Terms of the Exchange Offer

     Upon satisfaction or waiver of all the conditions of the exchange offer, we
will accept any and all outstanding notes properly tendered and not withdrawn
prior to the expiration date and will issue the exchange notes promptly after
acceptance of the outstanding notes. See "--Conditions to the Exchange Offer"
and "--Procedures for Tendering Outstanding Notes." We will issue $1,000
principal amount of exchange notes in exchange for each $1,000 principal amount
of outstanding notes accepted in the exchange offer. As of the date of this
prospectus, $175,000,000 aggregate principal amount of the 6 7/8% senior notes
due 2013 are outstanding. Holders may tender some or all of their outstanding
notes pursuant to the exchange offer. However, outstanding notes may be tendered
only in integral multiples of $1,000.



                                      -23-


     The exchange notes are substantially identical to the outstanding notes
except that the exchange notes will not contain certain transfer restrictions,
registration rights and liquidated damages provisions.
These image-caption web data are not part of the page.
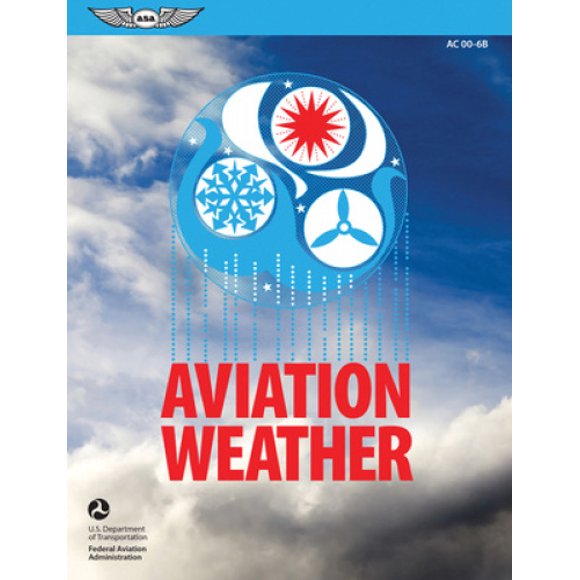 Aviation Météo Circulaire d'Avis de FAA (AC) 00-6B (Série de Manuels FAA)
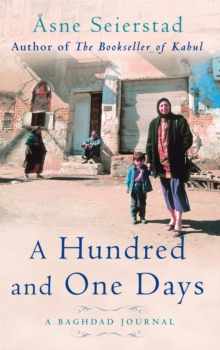 A Hundred and One Days : A Baghdad Journal, Paperback Book A Hundred and One Days : A Baghdad Journal, Paperback Book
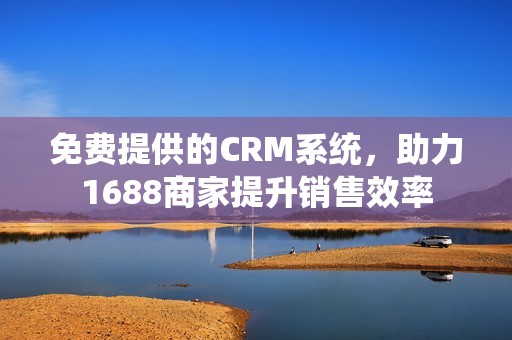 免费提供的CRM系统，助力1688商家提升销售效率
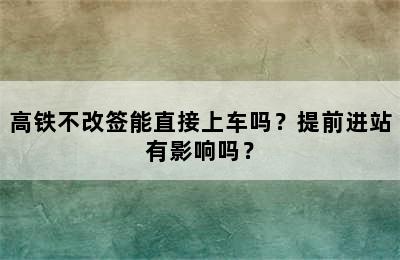 高铁不改签能直接上车吗？提前进站有影响吗？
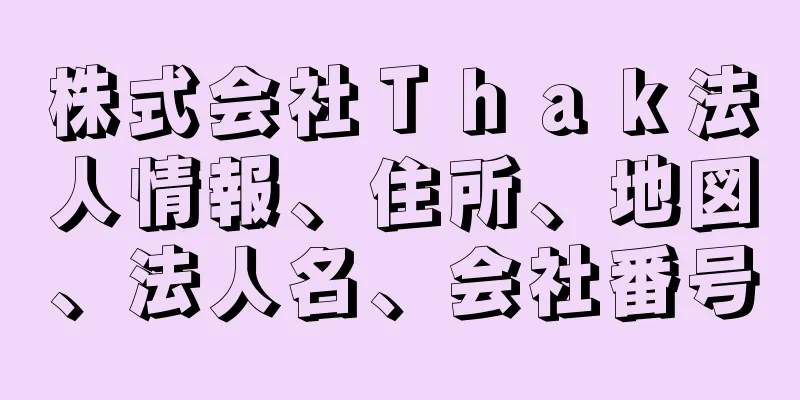 株式会社Ｔｈａｋ法人情報、住所、地図、法人名、会社番号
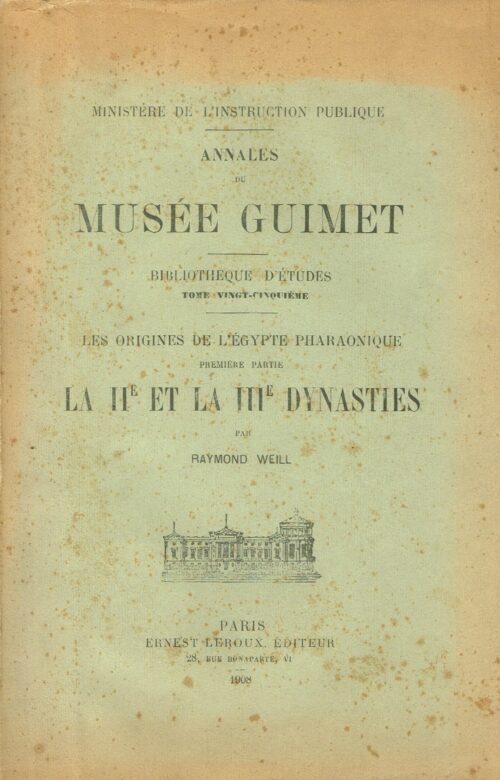 Les origines de l'Egypte pharaonique. La IIe et la IIIe dynasties. (Annales du Musée Guimet. Bibliothèque d'Études, XXV)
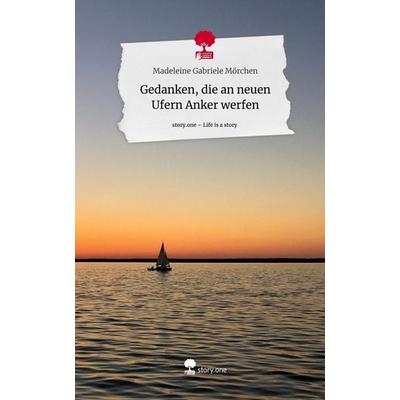Gedanken, die an neuen Ufern Anker werfen. Life is a Story - story.one, Gebundene Ausgabe von Madeleine Gabriele Mörchen, Story.one publishing,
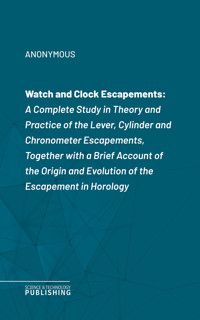 Watch and Clock Escapements - (anonymous) - ebook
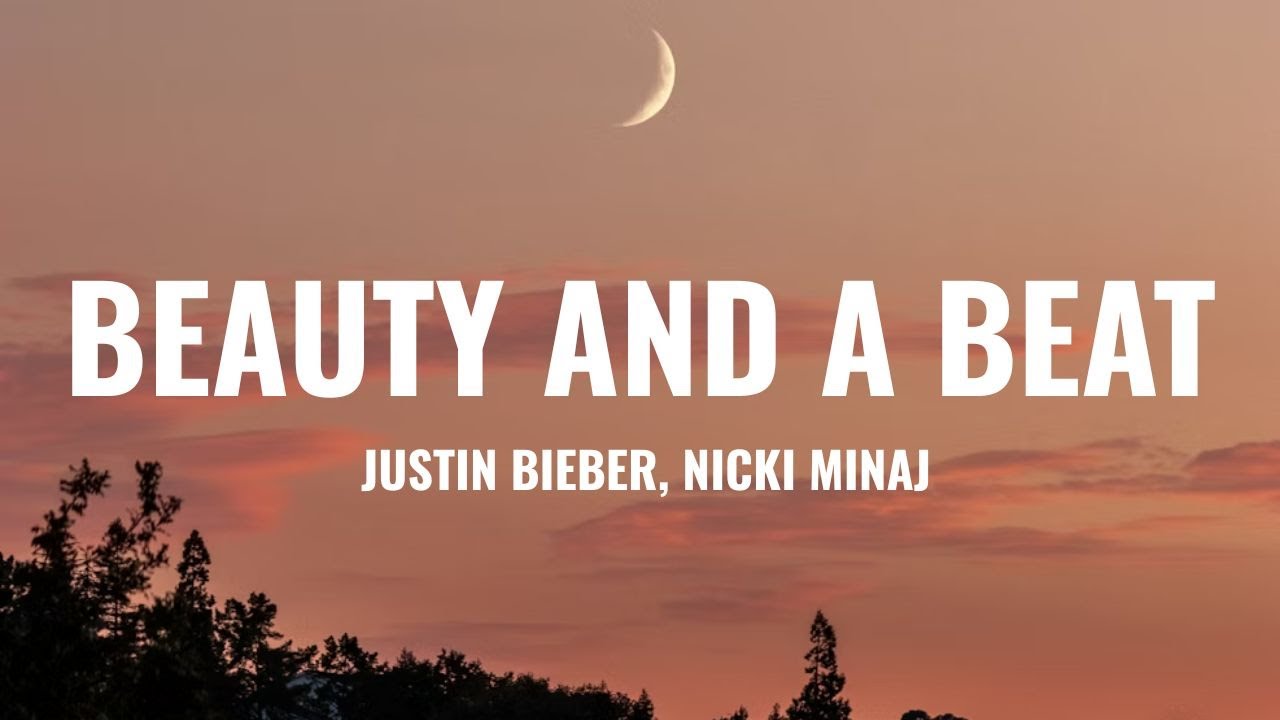 Justin Bieber, Nicki Minaj – Beauty And A Beat (Lyrics)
The issuance of exchange
notes in exchange for outstanding notes pursuant to the exchange offer will not
result in a repayment of our indebtedness which is presently evidenced by the
outstanding notes. The exchange notes will evidence the same debt as the
outstanding notes and will be issued pursuant to, and entitled to the benefits
of, the indenture pursuant to which the outstanding notes were issued and will
be deemed one issue of notes, together with any outstanding notes which remain
outstanding after the exchange offer.

     This prospectus, together with the letter of transmittal, is being sent to
all registered holders and to others believed to have beneficial interests in
the outstanding notes. Holders of outstanding notes do not have any appraisal or
dissenters' rights under the indenture in connection with the exchange offer. We
intend to conduct the exchange offer in accordance with the applicable
requirements of the Securities Act, the Exchange Act and the rules and
regulations of the SEC promulgated thereunder.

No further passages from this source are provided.